- Born: October 6, 1930 New York City, New York, U.S.
- Died: October 26, 2015 (aged 85) Southport, Connecticut, U.S.
- Education: Harvard University Yale University Buckley School
- Occupations: C.E.O, diplomatic corp
- Employer(s): International Rescue Committee United States Department of State

= Robert P. DeVecchi =

American nonprofit executive

Robert P. DeVecchi (October 6, 1930 – October 26, 2015) was an American diplomatic officer who became president of the International Rescue Committee.

== Early life ==
DeVecchi was born in New York City. His parents were Mr. and Mrs. Robert De Vecchi of Washington Crossing, Pennsylvania. His paternal grandfather was Dr. Paola De Vechhi of San Francisco, California. His maternal grandfather was James Guthrie Shaw of Brooklyn, New York.

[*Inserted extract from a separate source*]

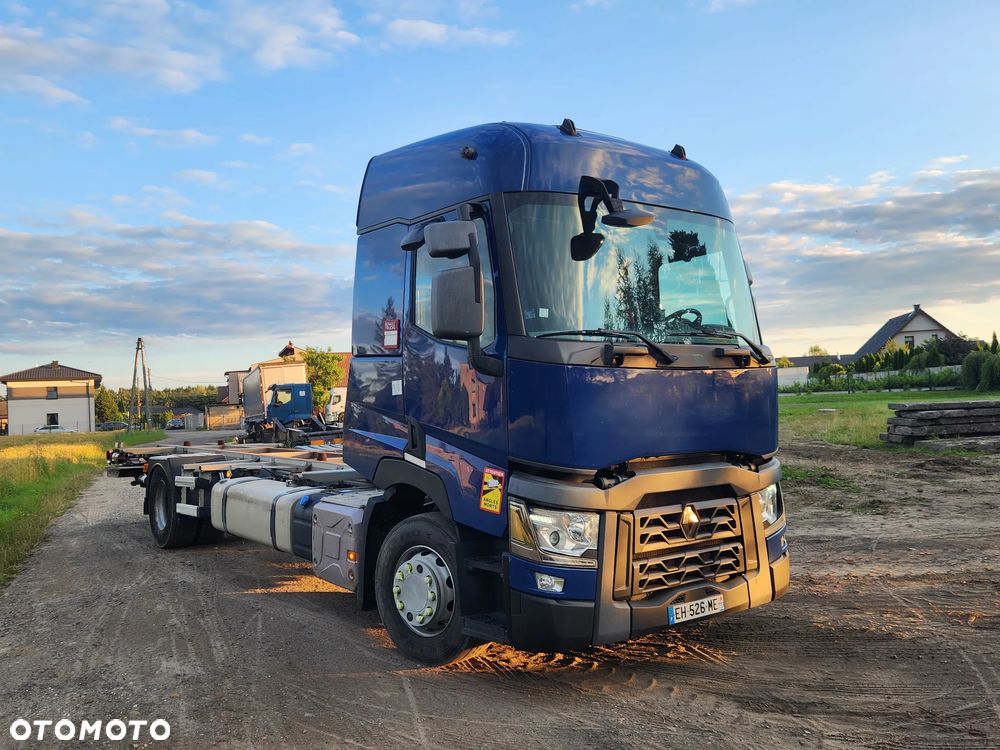 Renault GAMA T430 - 13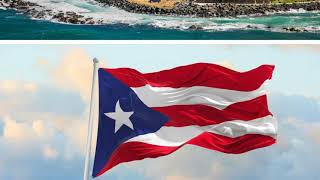 3x5 Foot Puerto Rico Flag in Sturdy Outdoor Nylon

He went to the Buckley School, Lawrenceville, and the Collegiate School. He enrolled in Yale University, graduating with a B.A. in 1952. While at Yale, he was a member of St. Anthony Hall.

After he graduated from Yale, he served for two years as a first lieutenant with the United States Air Force. He then enrolled in Harvard University where he received an M.B.A. from the Graduate School of Business in 1956.

== Career ==
DeVecchi joined the U.S. Department of State as a foreign service officer from 1958 to 1968. His posts included the NATO headquarters in Paris, the U.S. Embassy in Warsaw, and the U.S. Embassy in Rome. In 1969, he became European Director of The National Industrial Conference Board in Paris.

In 1972, he became the New York Representative of the Save the Children Foundation and the director of the Inner Cities Programs. He returned to the United States in 1975 and volunteered for the International Rescue Committee for a month.

In 1975, DeVecchi became the coordinator of the Indochinese Refugee Resettlement Program for the International Rescue Committee (IRC). This was the large resettlement program for refugees in United States history. In 1980, he was promoted to program director for the IRC, followed by the executive director in 1985. In 1993, he became the president and C.E.O. of IRC. As president, DeVecchi started many initiatives and emergency relief programs for more than 28 countries, including Afghanistan, Bosnia, Burma, Burundi, Cambodia, the Democratic Republic of the Congo, El Salvador, Ethiopia, Haiti, Iraq, Kosovo, Pakistan, Rwanda, Somalia, Sudan, Thailand, and Vietnam. He managed between 2,500 to 3,000 ex-pat volunteers and staff across the world. On average, IFC helped one million refugees or displaced persons each year, and some 10,000 refugees were permanently resettled. IRC operated on private contributions as well as funds from the United Nations. Under his leadership, the IRC won the Conrad N. Hilton Humanitarian Prize of $1 million. He retired and became president emeritus in 1997.

He was appointed Adjunct Senior Fellow for Refugees and the Displaced at the Council on Foreign Relations in 1997. He also served on the FilmAid Advisory Council and Refugees International, becoming a director emeriti.

== Awards and honors ==

- 2005: Doctorate of Humane Letters, Yale University
- 1998: Freedom Award, International Rescue Committee
- 1996: Peacemakers Award, Episcopal Diocese of Washington, D.C.

== Personal life ==
He married Florence L. Sloan, the daughter of Mr. and Mrs. George A. Sloan of Greenwich, Connecticut, on January 5, 1957. Her father was an industrialist and former chair of the board of the Metropolitan Opera. Their second daughter, Angela, was born in Paris on November 14, 1963.

He also married Betsy Trippe. She was the daughter of Juan Trippe who founded Pan Am Airways. They lived in Manhattan, New York and the East Hamptons.

In 2015, he died at his home in Southport, Connecticut of natural causes.